How do we process data in different formats like docx, pdf etc and generate insights to be linked with structured data in database?This pattern helps in establishing relations between structured & unstructured data to generate recommendations using Watson NLU & Watson Studio.
In this code pattern, we will demonstrate a methodology to integrate structured data & unstructured data to generate recommendations. Processing unstructured data coming in different data formats has many challenges with respect to data extract & derive meaning to help us take informed decisions, however the related data would be in the structured format. It would be time consuming process to check different data sources manually for inference and that is where this pattern will be handy. We will showcase a configurable yet scalable process which will help in merging the different data sources and expedite the process of decision making. We have taken the example of HR recruitment process where we use the candidate’s resume to be compared with job description & candidate database to identify the best suited candidate for a given job profile. This will help the HR to develop an efficient recruitment plan. Our motto is to select the right candidate which helps in risk mitigation for the organization thereby enhancing the ROI and increases the credibility for the recruitment process. We will be using Watson Studio & Watson NLU to solve this use-case.
When the reader has completed this code pattern, they will understand how to:
The intended audience for this code pattern is developers who want to learn a new method for scanning the text across different document format and establish a relation with the data stored in the structured format in a database. The distinguishing factor of this code pattern is that it allows a configurable mechanism of search optimization which allows the recruiter to select the best fit candidate for the role.
Some of the other use cases where this methodology can be applied are listed below.
Drive optimization in the insurance domain by evaluating the information from the claim forms and new applicant forms.
By linking structured & unstructured data we can get recommendations for new leads, process improvements etc. Structured data will be in the form of product offering details & customer database where as the claim forms and new applicant forms will store unstructured data.

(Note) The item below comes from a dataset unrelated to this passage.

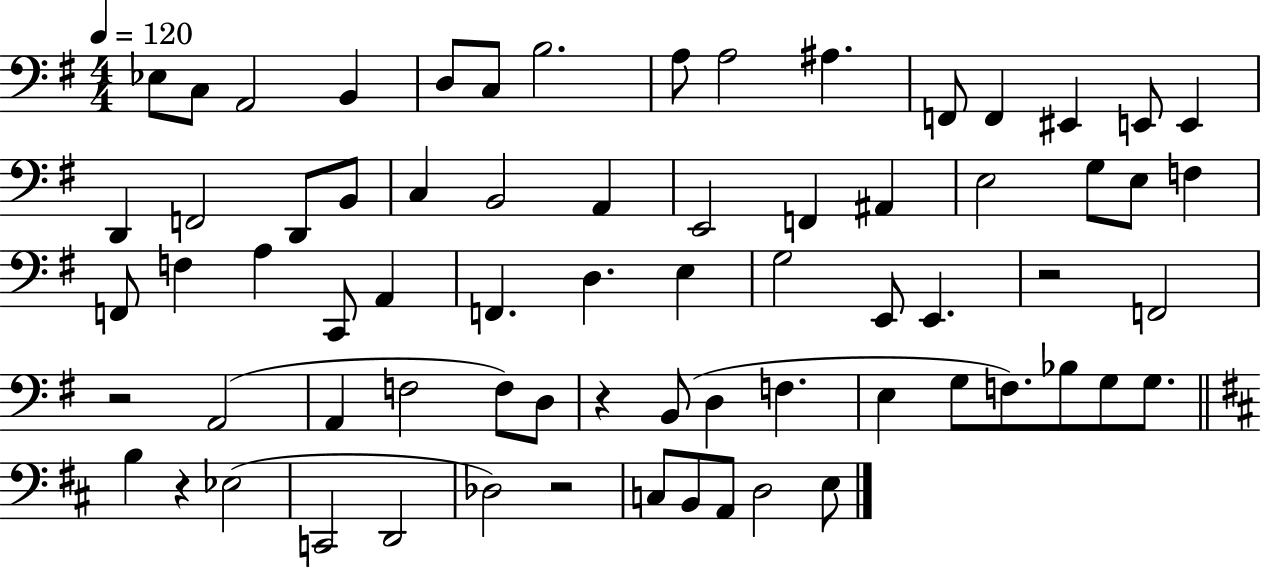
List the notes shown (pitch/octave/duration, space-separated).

Eb3/e C3/e A2/h B2/q D3/e C3/e B3/h. A3/e A3/h A#3/q. F2/e F2/q EIS2/q E2/e E2/q D2/q F2/h D2/e B2/e C3/q B2/h A2/q E2/h F2/q A#2/q E3/h G3/e E3/e F3/q F2/e F3/q A3/q C2/e A2/q F2/q. D3/q. E3/q G3/h E2/e E2/q. R/h F2/h R/h A2/h A2/q F3/h F3/e D3/e R/q B2/e D3/q F3/q. E3/q G3/e F3/e. Bb3/e G3/e G3/e. B3/q R/q Eb3/h C2/h D2/h Db3/h R/h C3/e B2/e A2/e D3/h E3/e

How do we map them to extract insights, get recommendations, enhance efficiency, increase ROI & generate revenue are some of the highlights.
Enhance the efficiency of spare parts in the automobile industry to reduce warranty claims by taking the customer feedback after the service.
Customer feedback is captured in a form which is unstructured where the keywords are extracted from the problem statement and compared with the inventory system having structured information to check the quality and durability. If there are repeated complaints about specific sku’s then the manifacturing cycle of the specific sku’s should be reviewed for improvements which can enhance the durability of the spare parts and can reduce the warranty claims. This will also help the R & D team to come up with new features for the existing components to deliver superior performance which can enhance the customer experience resulting in increased sales.
Identifying the key parts causing the failure. Collecting failure descriptions to include:
Consolidate Warranty Systems & Processes. Minimize the number of automobile spare parts returns resulting in good inventory management.
IBM Watson Studio: Analyze data using RStudio, Jupyter, and Python in a configured, collaborative environment that includes IBM value-adds, such as managed Spark.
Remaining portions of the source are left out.